[Opening Data records section]

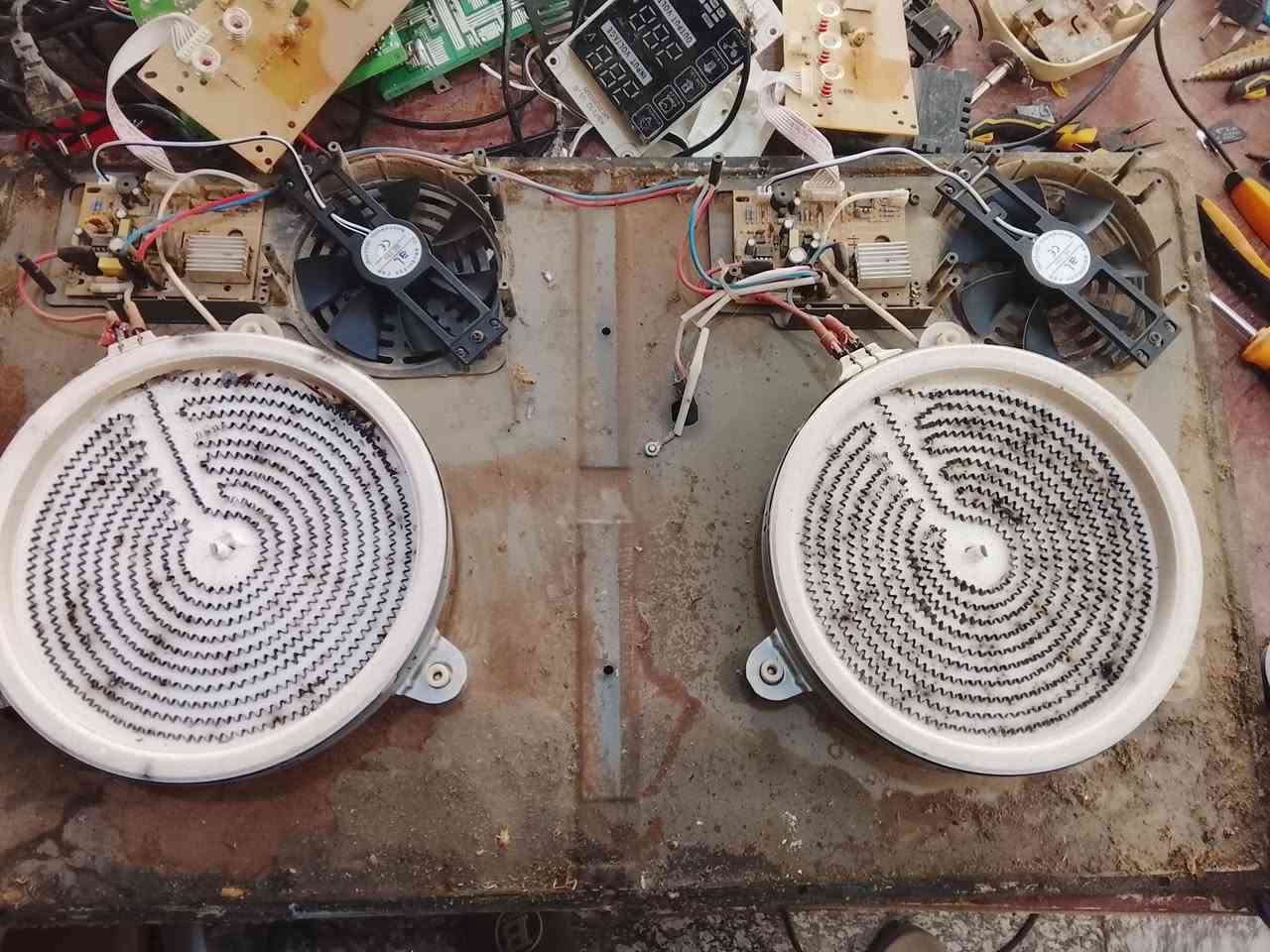 صيانه جميع الاجهزه الكهربائيه
تبديل فانات+ جام عيون طباخ ليزري
الصوب الصغير /قرب المنتزه 
*********** اتصال
***********واتساب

[Closing Data records section]

(Action item) Set down a word-for-word copy of the records, dropping any picture.

(Solved exercise)
 صيانه جميع الاجهزه الكهربائيه
تبديل فانات+ جام عيون طباخ ليزري
الصوب الصغير /قرب المنتزه 
*********** اتصال
***********واتساب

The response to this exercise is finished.